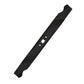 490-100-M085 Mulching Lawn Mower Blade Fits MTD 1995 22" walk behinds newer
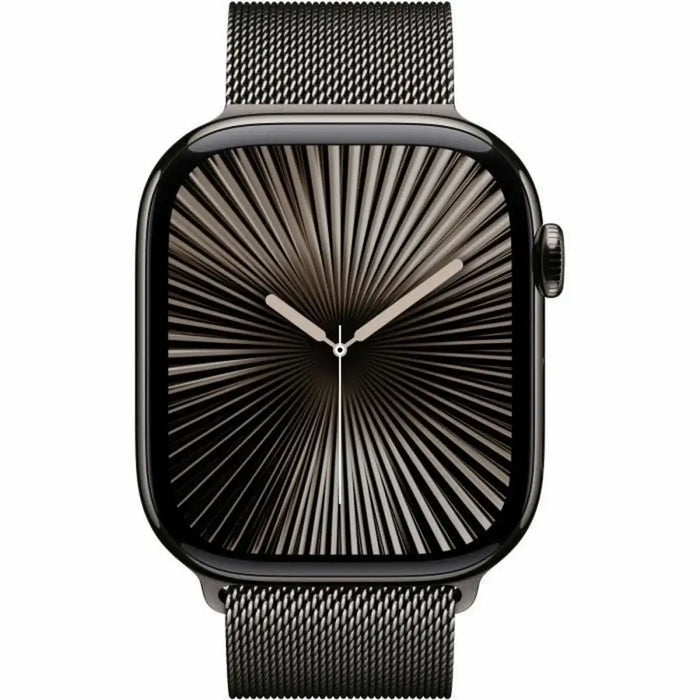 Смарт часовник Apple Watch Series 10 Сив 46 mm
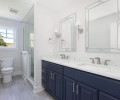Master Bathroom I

--- --- ---

EXERCISE INSTRUCTIONS |
Once the pictures have been removed, reproduce each line of the material above exactly.

SOLUTION TO THIS EXERCISE |
 490-100-M085 Mulching Lawn Mower Blade Fits MTD 1995 22" walk behinds newer
 Смарт часовник Apple Watch Series 10 Сив 46 mm
Master Bathroom I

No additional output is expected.